- ASSIGNMENT: In the listing below, find the line with "OYO Flagship 15439 Colaba" and copy every line from there up to and including the line with "JR新札幌駅のコンコース天井", exactly and without pictures.

- RECORDS SUPPLIED:
**********
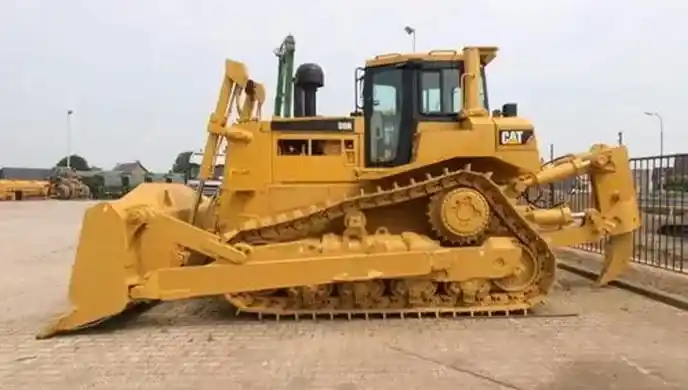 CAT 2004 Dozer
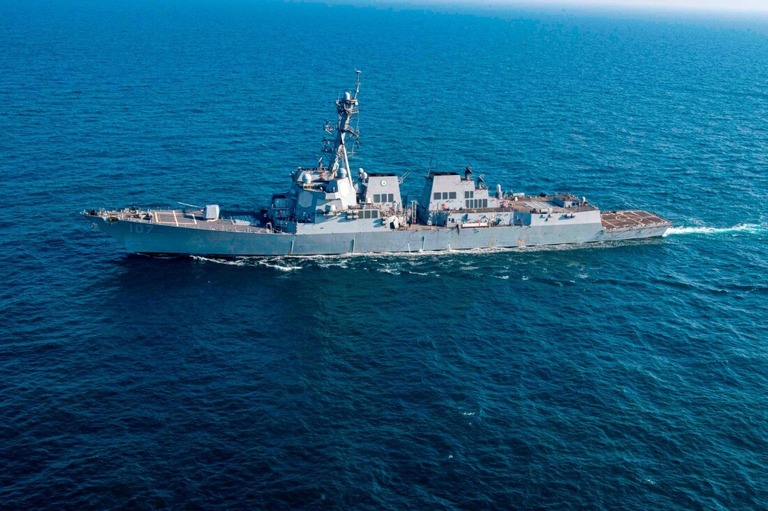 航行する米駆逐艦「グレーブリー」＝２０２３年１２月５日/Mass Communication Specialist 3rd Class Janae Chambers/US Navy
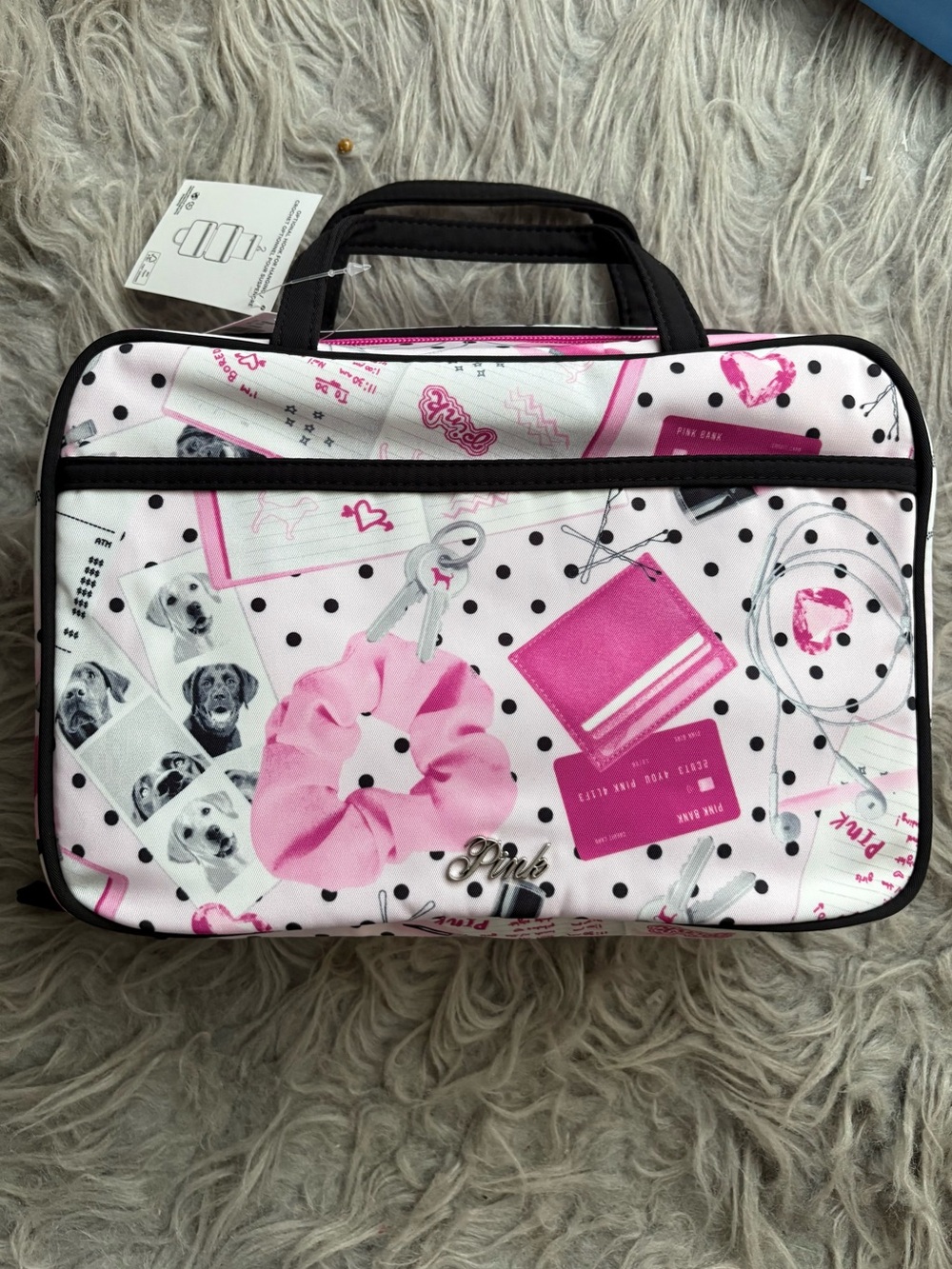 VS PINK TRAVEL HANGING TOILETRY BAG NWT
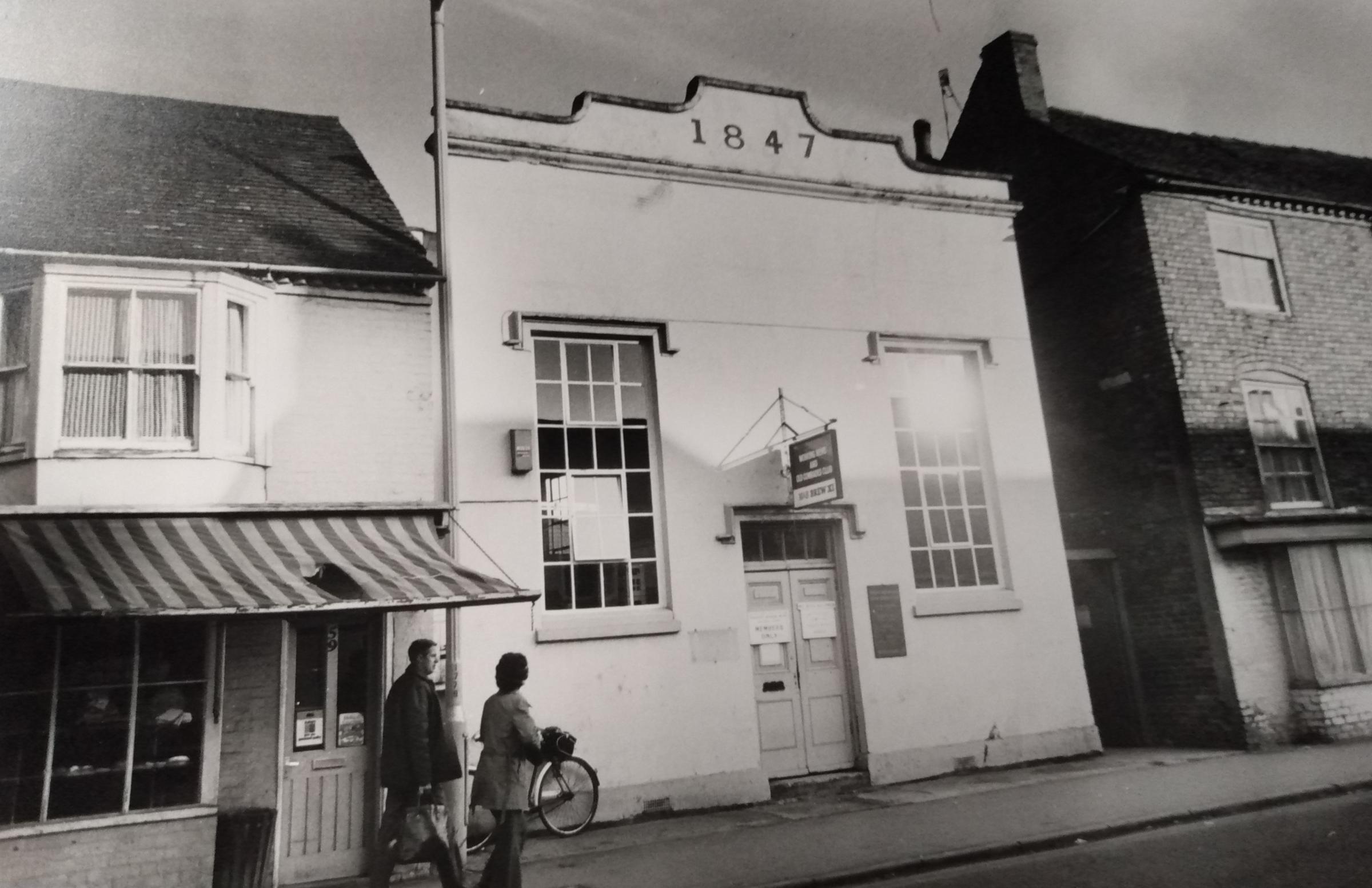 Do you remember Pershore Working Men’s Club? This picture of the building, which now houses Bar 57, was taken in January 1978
**********
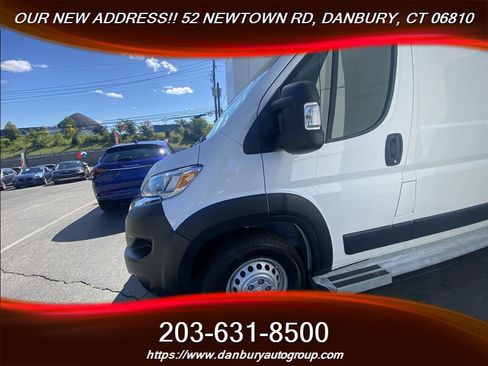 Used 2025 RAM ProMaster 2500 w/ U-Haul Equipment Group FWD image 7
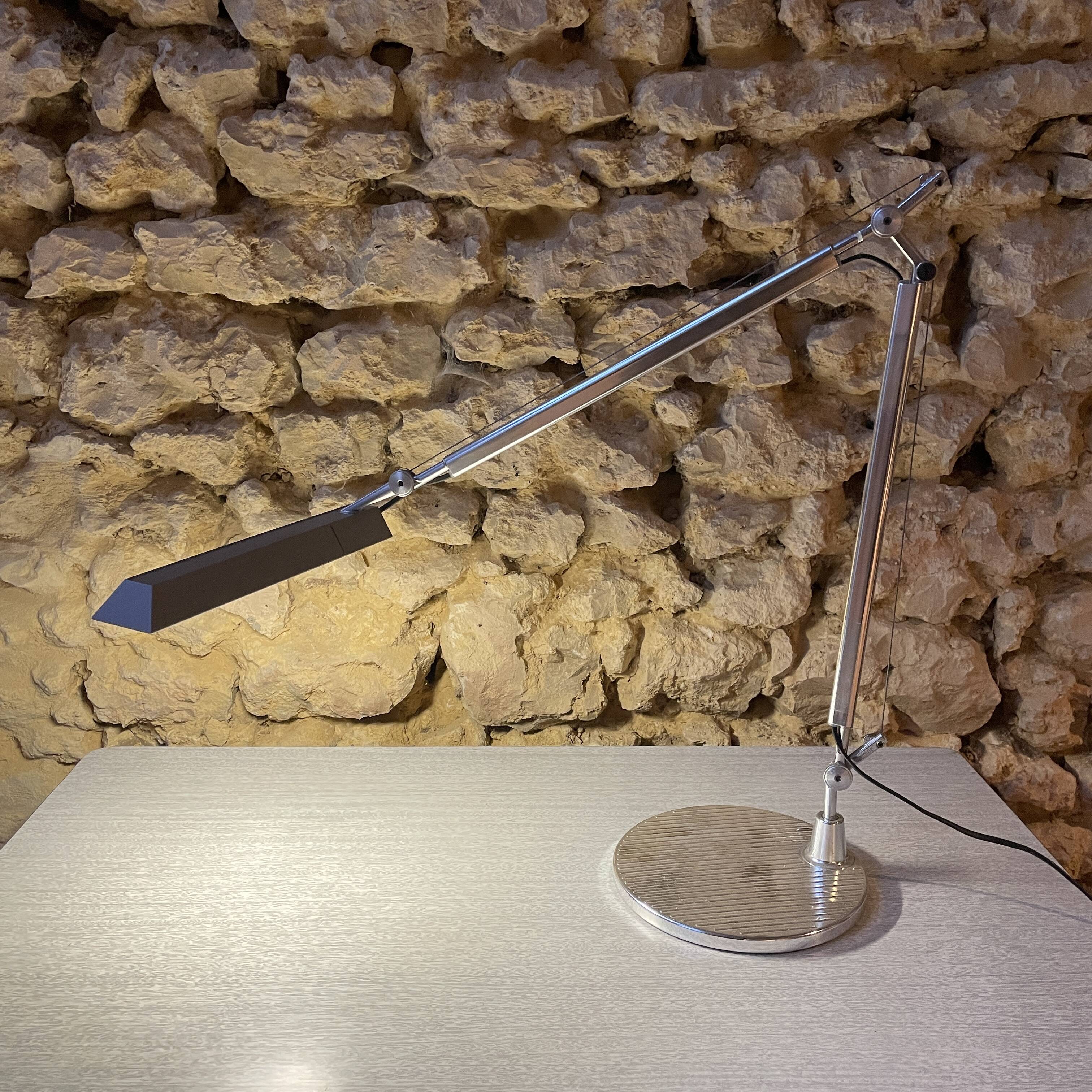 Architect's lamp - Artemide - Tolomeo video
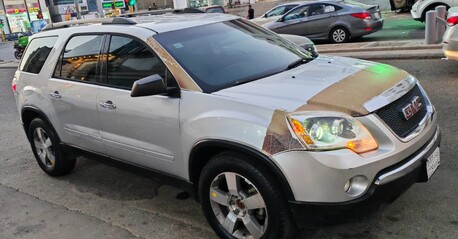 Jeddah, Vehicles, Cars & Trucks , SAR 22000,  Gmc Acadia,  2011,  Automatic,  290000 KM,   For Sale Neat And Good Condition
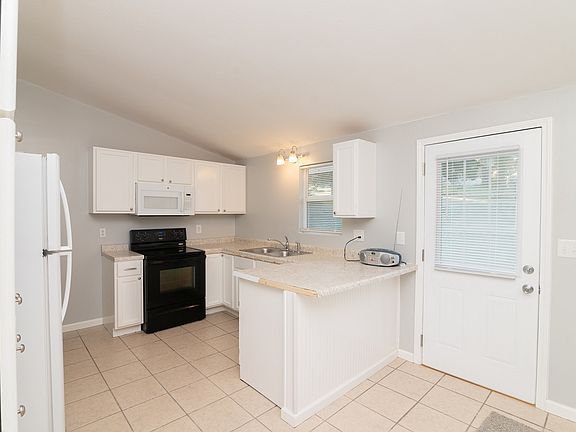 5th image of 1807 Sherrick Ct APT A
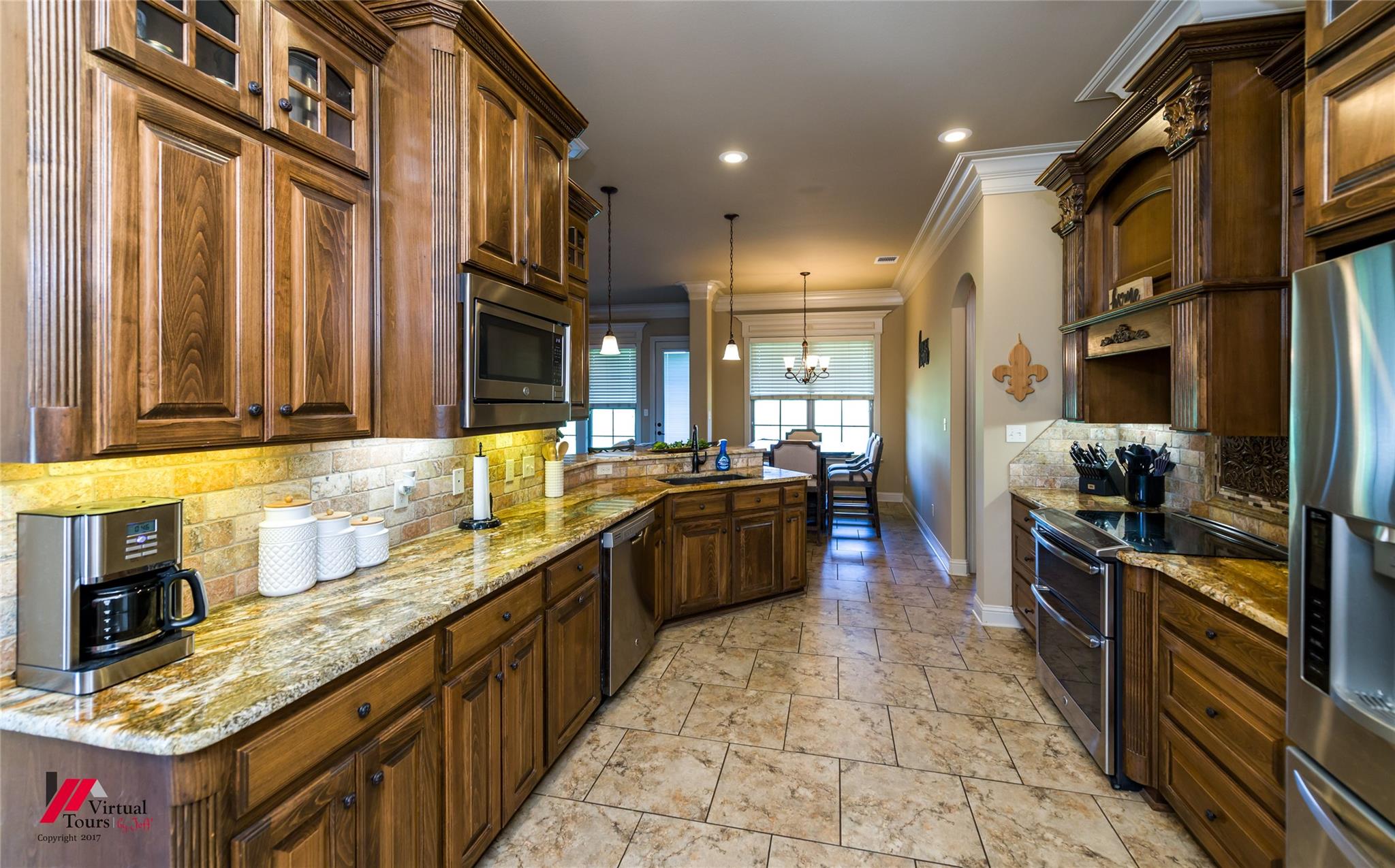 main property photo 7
**********
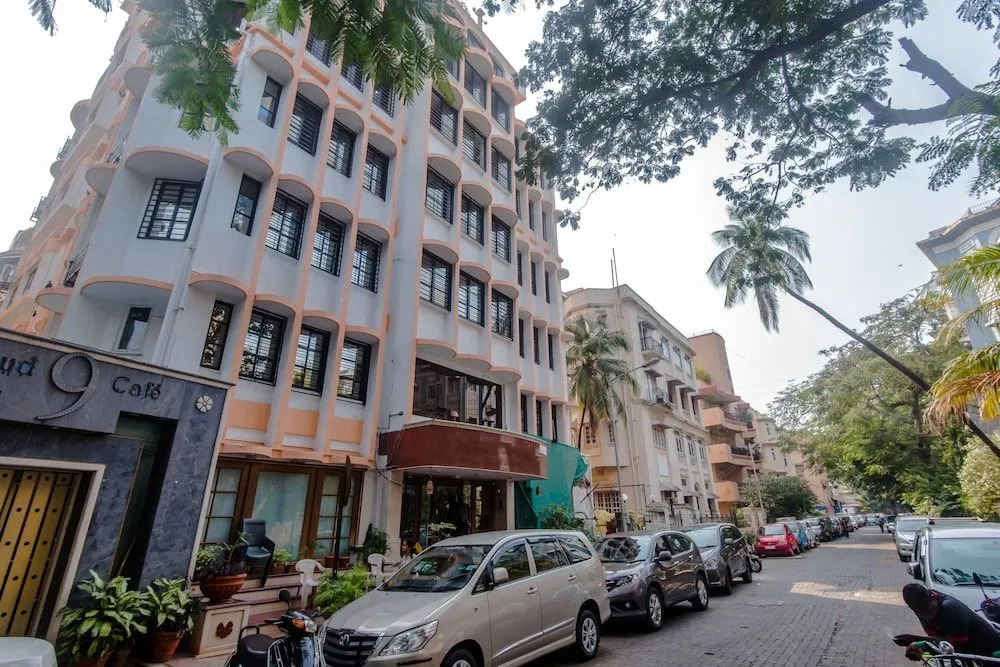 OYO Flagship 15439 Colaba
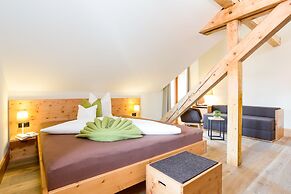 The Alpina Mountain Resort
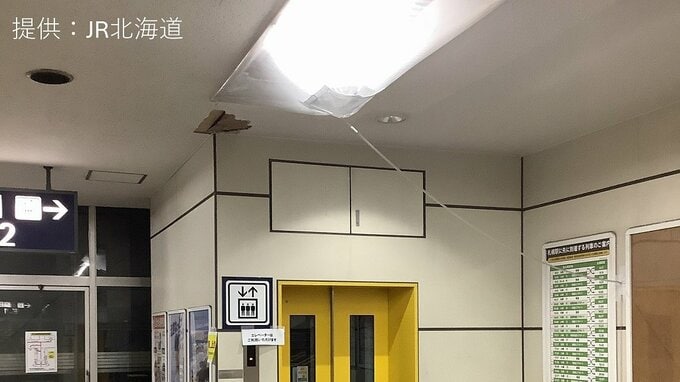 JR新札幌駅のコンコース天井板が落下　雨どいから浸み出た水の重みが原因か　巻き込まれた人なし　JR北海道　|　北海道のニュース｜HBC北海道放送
**********
- PROBLEM SOLUTION:
 OYO Flagship 15439 Colaba
 The Alpina Mountain Resort
 JR新札幌駅のコンコース天井板が落下　雨どいから浸み出た水の重みが原因か　巻き込まれた人なし　JR北海道　|　北海道のニュース｜HBC北海道放送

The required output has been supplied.